Dr Rajesh Chawla: It is a well-known fact that at least the antibodies go down, but we still do not know what happens to the T-cell immunity. The other thing is that people who are very at-risk, like healthcare workers or patients with comorbidities, who had their vaccines scheduled more than 6 months or 9 months ago can be given a booster dose if there is enough availability of the vaccines.
The horrible mutation as South African researchers define could be because a large number of people were not vaccinated. There could possibly be more mutations carrying more danger and this is why perhaps we should hold this discussion around boosters?
Dr Rakesh Garg: We need to look at the scientific factors. The vaccine is not getting updated. People whose antibodies are waning off should be given the boosters. Secondly, we should have modified vaccines available in 90 days or 100 days. Thirdly, people who are most prone should be given boosters. The government should have a strategy to cover the high-risk population.
As far as modified vaccine is concerned, what do we know about the ability of this variant to evade the immunity provided by vaccines?
Dr Suman Lal: When we talk about any virus and its variants, if we are vaccinated for one virus, protection to some extent will be provided for other strains also. Thus, if we have not had other forms of vaccines till now, we can still protect our population. If we just delay, we will again face a crisis just like previous times. Therefore, we can use current vaccines as boosters for high-risk populations. At the same time, I agree with Dr. Gupta that we should think about variant vaccines as well.
What would you like to say if vaccines should get double jabbed for those who haven’t or the fact that we have brought down our masks to the pre-delta level has made the situation even more dangerous?
Dr Rakesh Garg: None of the vaccines in the world provide 100% immunity against infection. We cannot say that this omicron will be the last variant of COVID. Some other variants might mutate and emerge. Thus, we have to take care of the COVID’s appropriate behaviour.
Till what extent will you keep upgrading vaccines? What really is the way ahead?

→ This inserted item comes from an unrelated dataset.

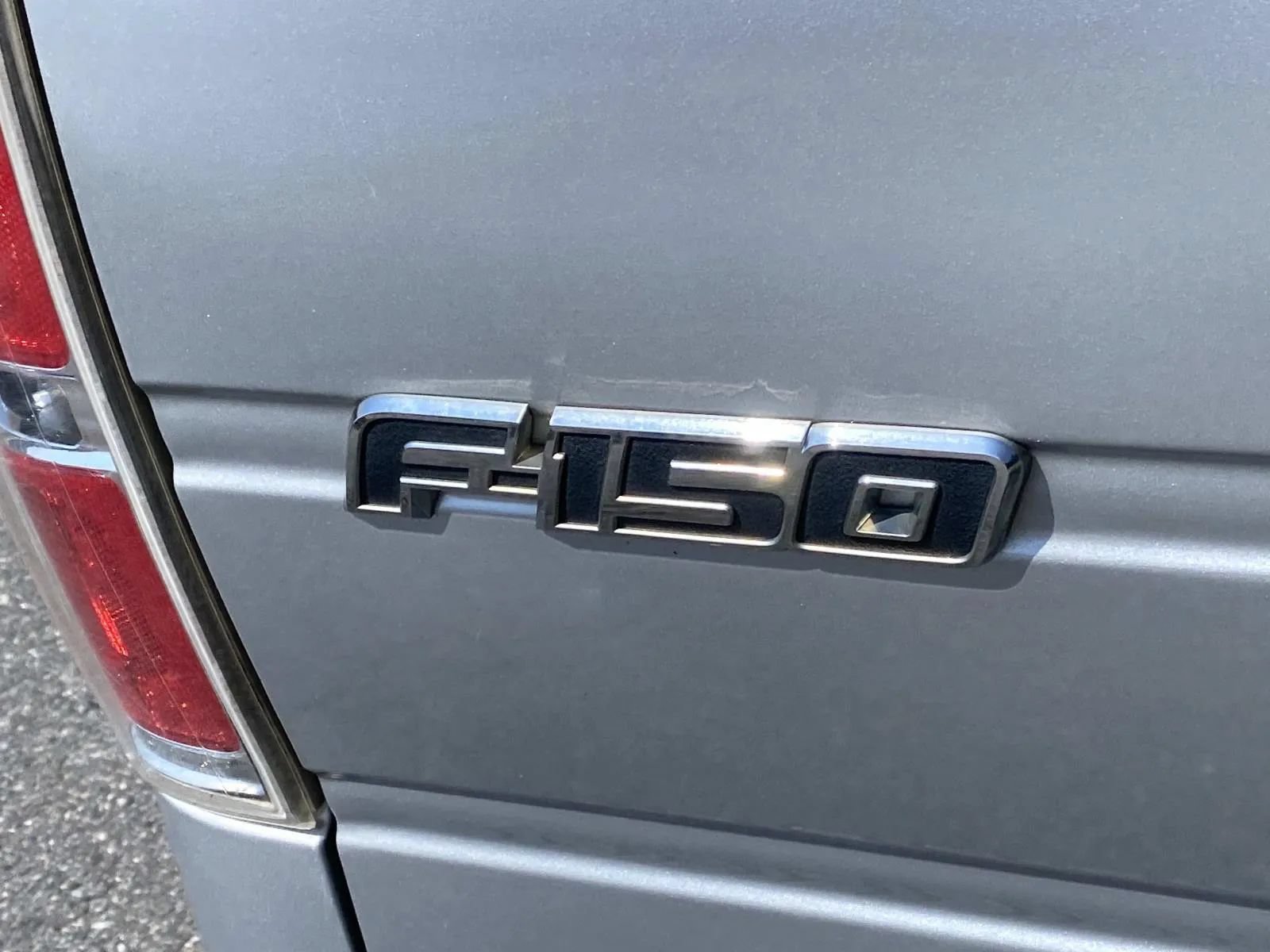 Used 2014 Ford F150 XL RWD image 9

Dr Rajesh Chawla: This is not a new thing for a virus to mutate. Influenza vaccine is given each year because each time the virus mutates, the vaccine is upgraded. Hence, every year depending upon the hemisphere they release the vaccine. Similarly, for Covid-19 this is going to happen. Probably with the time we will have more data to know what happens to immunity in these. Then probably you may have to take vaccines every year and eventually it will be part of the influenza vaccine or the normal vaccine.
How prepared are our hospitals this time?
Dr Rakesh Garg: It appears to me that after the second wave which was managed to a large extent, we have taken a lesson and the infrastructure, teaching and training including the pediatric has been very well done. I am sure that in case if something happens, we will combat it very properly.
Dr Gupta what will be your message to the people?
Dr Dhiren Gupta: First of all, any system is not able to take care of such huge population, recently when the dengue was spreading every system failed. when any minister catches virus they run to private hospital. Even if we take USA and UK into consideration, they will crumble. Secondly, everybody is fed up of covid now. Therefore, recently Nature has published a beautiful article, they found how old Covid evolved over the years. This virus also may lose its potency and may become like cold-cough virus.